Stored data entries
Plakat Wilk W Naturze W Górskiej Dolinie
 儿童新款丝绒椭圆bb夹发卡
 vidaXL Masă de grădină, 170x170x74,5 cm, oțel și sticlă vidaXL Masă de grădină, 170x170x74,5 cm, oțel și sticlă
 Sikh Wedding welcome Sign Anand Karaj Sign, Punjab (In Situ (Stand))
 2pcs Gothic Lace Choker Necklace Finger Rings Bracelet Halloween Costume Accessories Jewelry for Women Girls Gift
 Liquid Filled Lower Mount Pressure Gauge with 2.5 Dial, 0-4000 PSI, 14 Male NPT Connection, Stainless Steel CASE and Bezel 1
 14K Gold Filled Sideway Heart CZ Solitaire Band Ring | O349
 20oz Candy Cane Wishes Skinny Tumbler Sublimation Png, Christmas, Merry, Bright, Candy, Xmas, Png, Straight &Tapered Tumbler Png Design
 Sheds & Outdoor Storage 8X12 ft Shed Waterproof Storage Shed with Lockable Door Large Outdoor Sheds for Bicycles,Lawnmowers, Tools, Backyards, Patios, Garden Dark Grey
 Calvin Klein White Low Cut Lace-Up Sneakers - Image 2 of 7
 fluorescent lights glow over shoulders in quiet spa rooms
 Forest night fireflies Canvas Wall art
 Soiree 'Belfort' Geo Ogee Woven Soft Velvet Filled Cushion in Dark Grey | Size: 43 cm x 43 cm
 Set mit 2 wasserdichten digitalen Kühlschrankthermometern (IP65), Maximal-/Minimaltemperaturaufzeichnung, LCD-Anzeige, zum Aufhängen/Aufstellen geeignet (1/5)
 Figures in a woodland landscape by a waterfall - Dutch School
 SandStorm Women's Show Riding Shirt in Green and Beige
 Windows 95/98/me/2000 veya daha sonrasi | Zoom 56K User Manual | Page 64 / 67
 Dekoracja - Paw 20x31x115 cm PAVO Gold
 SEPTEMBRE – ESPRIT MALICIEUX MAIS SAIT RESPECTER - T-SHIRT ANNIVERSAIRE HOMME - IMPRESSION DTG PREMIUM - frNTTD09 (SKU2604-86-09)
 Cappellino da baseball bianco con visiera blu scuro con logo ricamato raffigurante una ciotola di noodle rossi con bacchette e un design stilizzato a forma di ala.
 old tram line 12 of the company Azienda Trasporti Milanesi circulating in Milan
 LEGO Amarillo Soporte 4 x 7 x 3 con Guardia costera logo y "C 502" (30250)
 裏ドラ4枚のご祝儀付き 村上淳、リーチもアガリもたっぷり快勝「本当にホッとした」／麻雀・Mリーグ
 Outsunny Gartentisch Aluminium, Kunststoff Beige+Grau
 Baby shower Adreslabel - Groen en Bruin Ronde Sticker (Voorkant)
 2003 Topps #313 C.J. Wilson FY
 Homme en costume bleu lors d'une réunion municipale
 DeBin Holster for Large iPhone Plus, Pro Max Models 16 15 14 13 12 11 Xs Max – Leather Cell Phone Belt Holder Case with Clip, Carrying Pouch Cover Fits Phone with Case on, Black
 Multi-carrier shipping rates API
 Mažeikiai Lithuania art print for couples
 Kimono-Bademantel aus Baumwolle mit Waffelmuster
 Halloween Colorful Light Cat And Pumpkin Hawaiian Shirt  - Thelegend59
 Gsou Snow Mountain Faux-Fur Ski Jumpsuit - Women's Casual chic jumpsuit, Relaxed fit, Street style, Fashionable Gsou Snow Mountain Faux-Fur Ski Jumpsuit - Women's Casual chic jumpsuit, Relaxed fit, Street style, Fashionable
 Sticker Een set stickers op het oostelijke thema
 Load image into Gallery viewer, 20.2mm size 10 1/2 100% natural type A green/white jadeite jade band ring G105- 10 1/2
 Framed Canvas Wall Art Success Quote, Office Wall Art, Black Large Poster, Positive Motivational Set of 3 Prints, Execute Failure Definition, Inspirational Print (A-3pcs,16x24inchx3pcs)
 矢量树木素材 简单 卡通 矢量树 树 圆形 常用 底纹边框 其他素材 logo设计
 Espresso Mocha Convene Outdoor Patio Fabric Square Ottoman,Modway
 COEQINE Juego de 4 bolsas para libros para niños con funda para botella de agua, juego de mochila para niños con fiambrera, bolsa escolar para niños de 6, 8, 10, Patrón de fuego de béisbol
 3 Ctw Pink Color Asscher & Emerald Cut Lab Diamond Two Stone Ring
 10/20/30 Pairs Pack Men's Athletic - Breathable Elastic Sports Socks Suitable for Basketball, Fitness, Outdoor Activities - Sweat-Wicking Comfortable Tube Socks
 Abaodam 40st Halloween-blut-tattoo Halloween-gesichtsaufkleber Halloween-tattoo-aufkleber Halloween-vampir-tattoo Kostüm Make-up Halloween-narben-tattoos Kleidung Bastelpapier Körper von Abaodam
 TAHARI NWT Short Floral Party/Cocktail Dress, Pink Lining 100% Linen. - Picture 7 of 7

_EXERCISE GOAL_. With the first line of the records as the start and the line holding "Outsunny Gartentisch Aluminium, Kunststoff" as the end, please copy exactly those lines and no others.

_WRITTEN RESPONSE_.
Plakat Wilk W Naturze W Górskiej Dolinie
 儿童新款丝绒椭圆bb夹发卡
 vidaXL Masă de grădină, 170x170x74,5 cm, oțel și sticlă vidaXL Masă de grădină, 170x170x74,5 cm, oțel și sticlă
 Sikh Wedding welcome Sign Anand Karaj Sign, Punjab (In Situ (Stand))
 2pcs Gothic Lace Choker Necklace Finger Rings Bracelet Halloween Costume Accessories Jewelry for Women Girls Gift
 Liquid Filled Lower Mount Pressure Gauge with 2.5 Dial, 0-4000 PSI, 14 Male NPT Connection, Stainless Steel CASE and Bezel 1
 14K Gold Filled Sideway Heart CZ Solitaire Band Ring | O349
 20oz Candy Cane Wishes Skinny Tumbler Sublimation Png, Christmas, Merry, Bright, Candy, Xmas, Png, Straight &Tapered Tumbler Png Design
 Sheds & Outdoor Storage 8X12 ft Shed Waterproof Storage Shed with Lockable Door Large Outdoor Sheds for Bicycles,Lawnmowers, Tools, Backyards, Patios, Garden Dark Grey
 Calvin Klein White Low Cut Lace-Up Sneakers - Image 2 of 7
 fluorescent lights glow over shoulders in quiet spa rooms
 Forest night fireflies Canvas Wall art
 Soiree 'Belfort' Geo Ogee Woven Soft Velvet Filled Cushion in Dark Grey | Size: 43 cm x 43 cm
 Set mit 2 wasserdichten digitalen Kühlschrankthermometern (IP65), Maximal-/Minimaltemperaturaufzeichnung, LCD-Anzeige, zum Aufhängen/Aufstellen geeignet (1/5)
 Figures in a woodland landscape by a waterfall - Dutch School
 SandStorm Women's Show Riding Shirt in Green and Beige
 Windows 95/98/me/2000 veya daha sonrasi | Zoom 56K User Manual | Page 64 / 67
 Dekoracja - Paw 20x31x115 cm PAVO Gold
 SEPTEMBRE – ESPRIT MALICIEUX MAIS SAIT RESPECTER - T-SHIRT ANNIVERSAIRE HOMME - IMPRESSION DTG PREMIUM - frNTTD09 (SKU2604-86-09)
 Cappellino da baseball bianco con visiera blu scuro con logo ricamato raffigurante una ciotola di noodle rossi con bacchette e un design stilizzato a forma di ala.
 old tram line 12 of the company Azienda Trasporti Milanesi circulating in Milan
 LEGO Amarillo Soporte 4 x 7 x 3 con Guardia costera logo y "C 502" (30250)
 裏ドラ4枚のご祝儀付き 村上淳、リーチもアガリもたっぷり快勝「本当にホッとした」／麻雀・Mリーグ
 Outsunny Gartentisch Aluminium, Kunststoff Beige+Grau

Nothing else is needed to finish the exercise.